Thank You for your time and concern.

Wanted to ask how can I pass a vector of Connections in the filter_all().
Because, my final report should contain values for the 5 variables, for all the connections.

 a=data.frame("Conn"=levels(factor(new.df$conn_1)))
 b=data.frame("Conn"=levels(factor(new.df$conn_2)))
 c=data.frame("Conn"=levels(factor(new.df$conn_3)))
 d = rbind(a,b,c)))) # Need to find count for d.

Thank You

DavoWW · August 25, 2019, 5:11am

Hi, sorry for delay in replying (weekend tasks!)

If I understand correctly, you want the frequencies of all connection types?
If yes, then see the following code (run after my original code above):

#----- Further section -----
# Get frequencies of connection type across
# each sector, and then all sectors.

# Need to put data into "long" form using tidyr::gather
# What "conn_*" columns are there?
new.df %>%
  select(starts_with("conn_")) %>%
  names(.) -> conn_cols

new.df %>%
  gather(., key="conn_pos", value="conn_all", conn_cols) -> long.df

# Then get summary tables of frequencies
table(long.df$conn_all)
as.data.frame(table(long.df$conn_all))

tab1 <- as.data.frame.matrix(table(long.df$conn_all, long.df$conn_pos))

tab1 %>%
  rownames_to_column(var="conn_type") -> tab2

# Make a nice table for publication
library(flextable)
qflextable(tab2)

Good luck!

prateek26394 · August 26, 2019, 6:28am

This is exactly what I needed.
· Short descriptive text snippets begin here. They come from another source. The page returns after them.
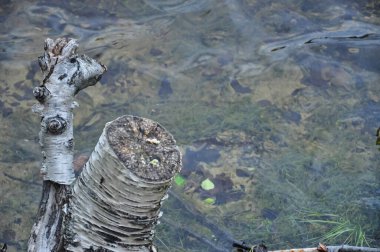 Shore Gölü. Nehir kıyısında. Kıyıya yakın taşlar ve su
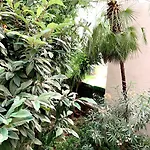 Apart Hotel Riviera - Grimaldi - Promenade Des Anglais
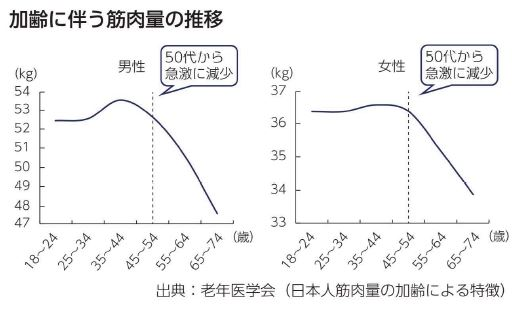 加齢に伴う筋肉量の推移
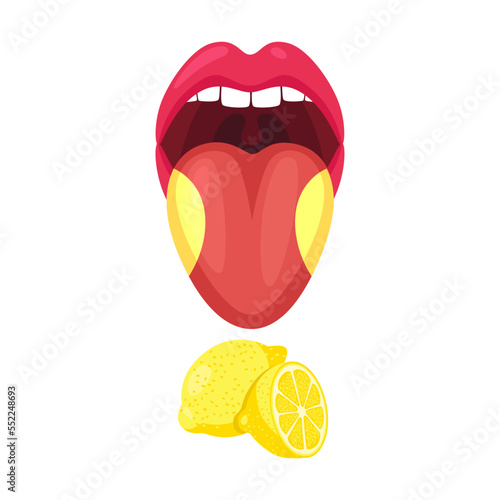 Basic lingual area such as sour cartoon vector illustration. Human mouth and tongue taste receptors isolated on white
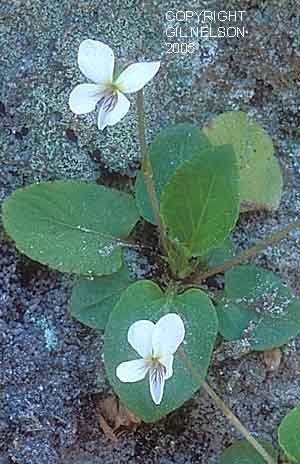 Viola primulifolia Gil.jpg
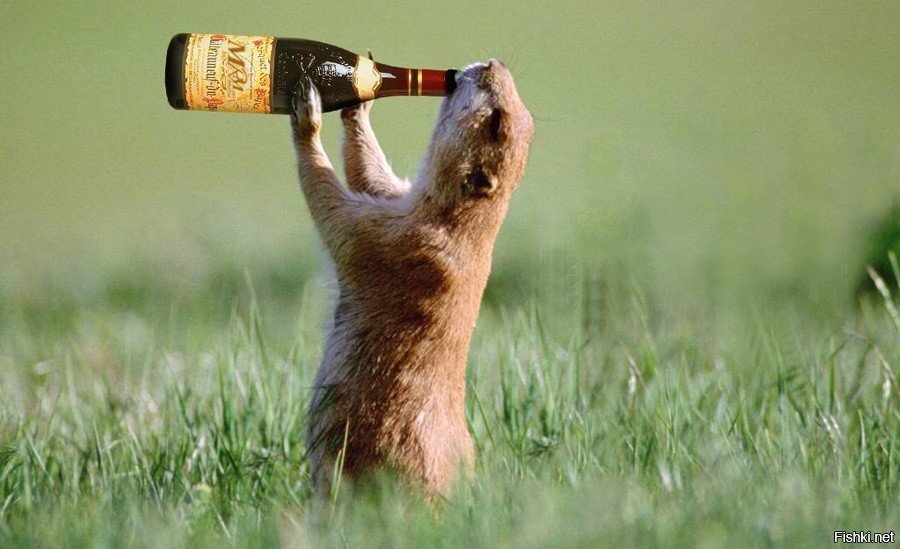 Вечер, пятница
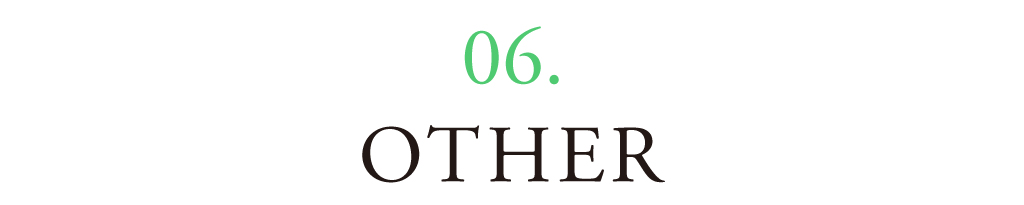 06 OTHER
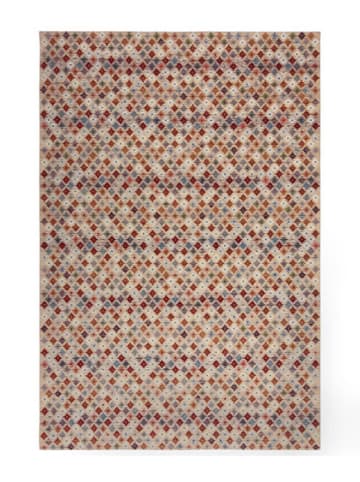 Flair Rugs Kurzflor-Teppich in Bunt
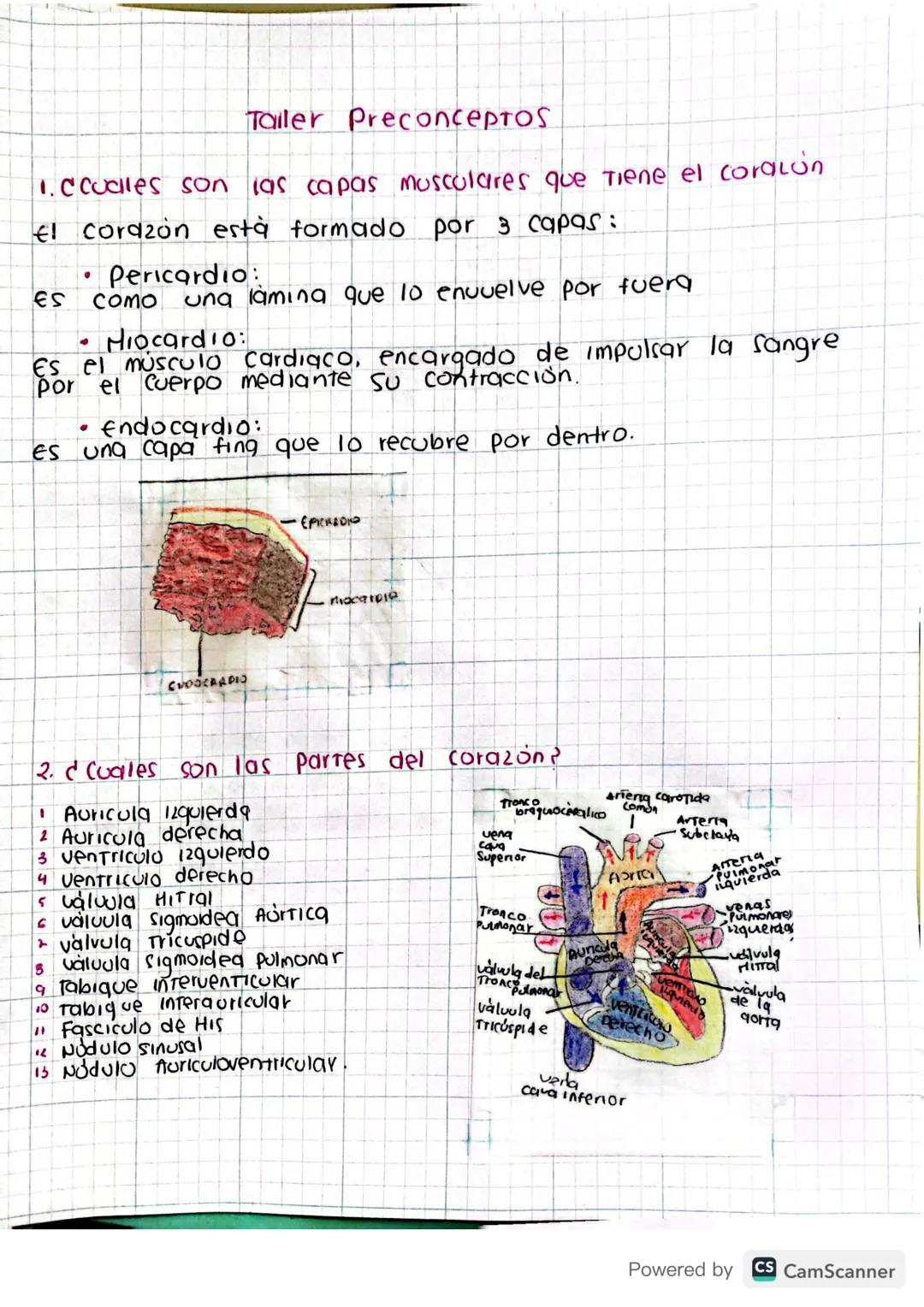 Taller Preconceptos de cardiología básica veterinaria 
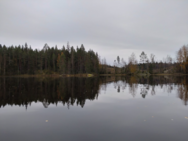 Päällikköjärvi (04.115.1.037)/Tervahaudanniemi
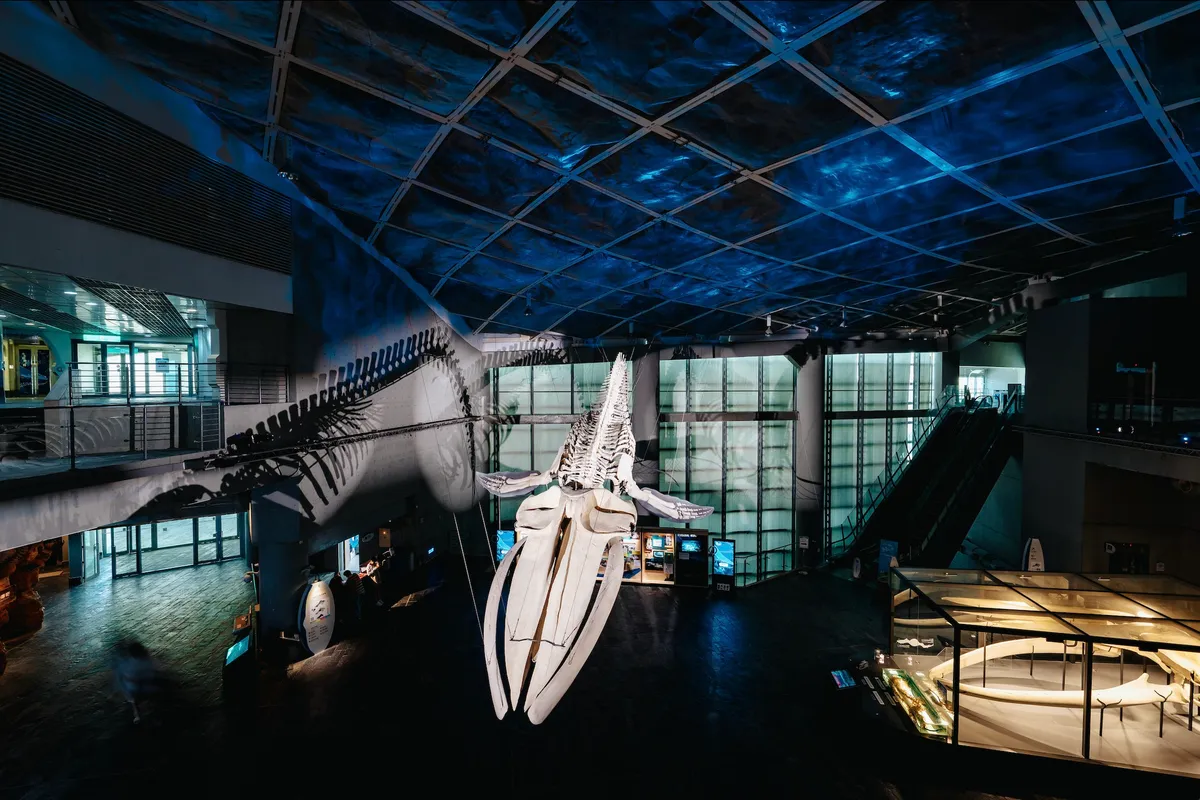Billet pour le Musée national de biologie marine et aquarium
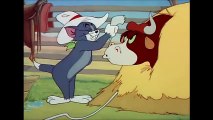 Tom and Jerry, 49 Episode - Texas Tom (1950)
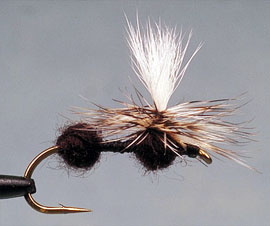 Parachute Ant
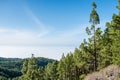 Coniferous forest in mountain landscape above clouds Royalty Free Stock Photo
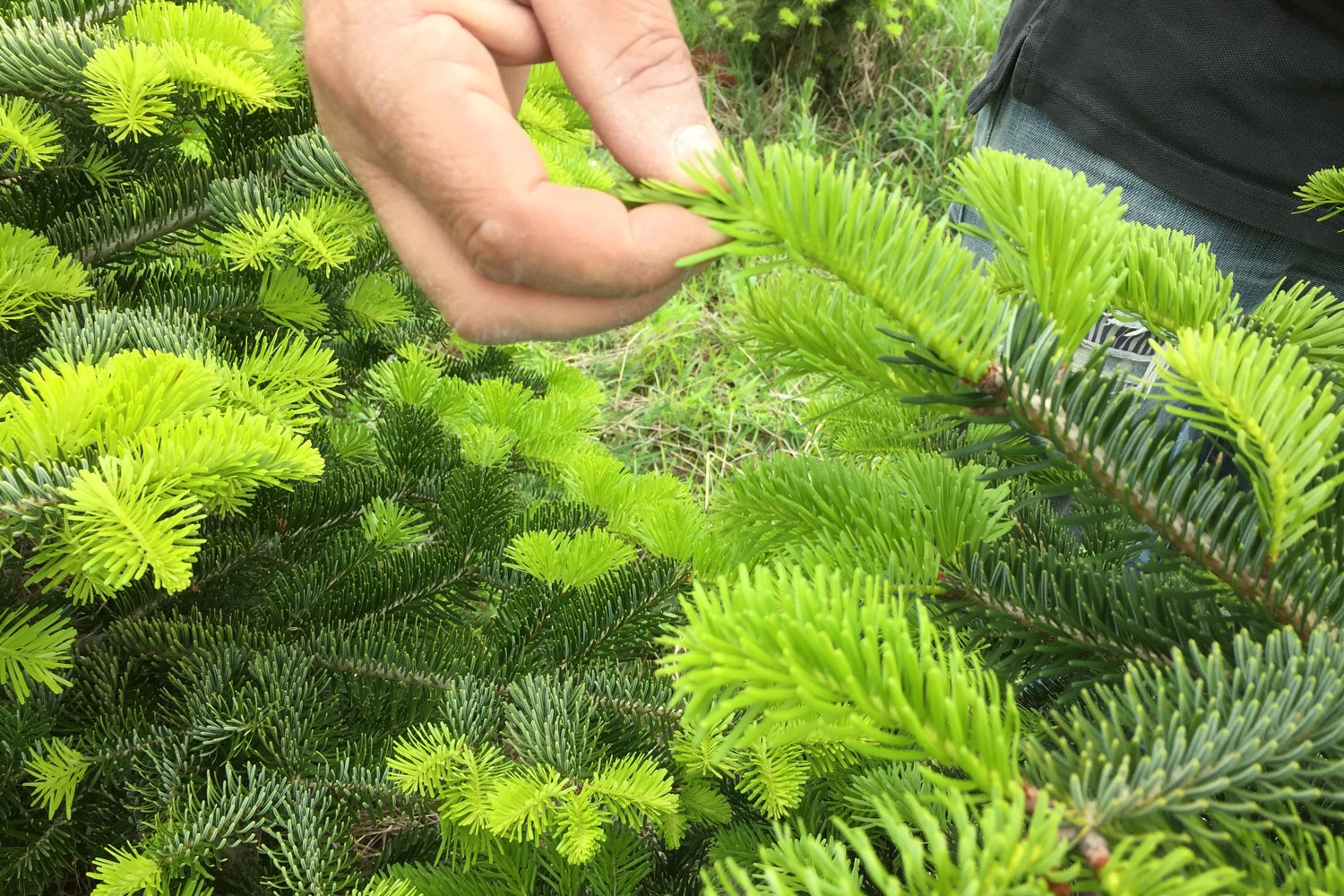 sapins de noël français - pépinière grange - taille des sapins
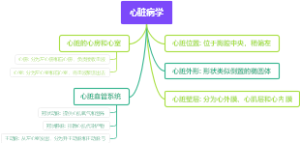 心脏病学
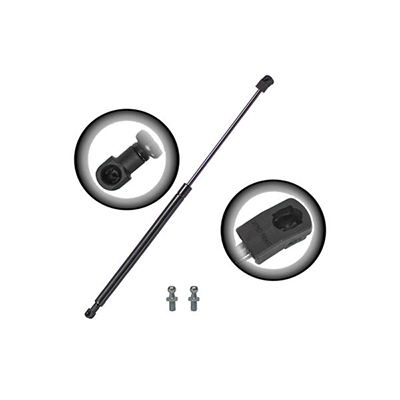 GASTAC Trunk Lid Lift Support Guide: Signs & Easy Replace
Over the big dataset (>16000 connections) it is doing calculation within 10 seconds for frequency of connections.
Now, I will try to generate the report for the remaining 4 variables described in the problem.
Guessing, won't take more than a minute to calculate all the variables.

Frankly, wasn't expecting output generation to be this fast.

Thank You for your time and concern.
@DavoWW u r awsum

system · September 2, 2019, 6:28am

This topic was automatically closed 7 days after the last reply. New replies are no longer allowed.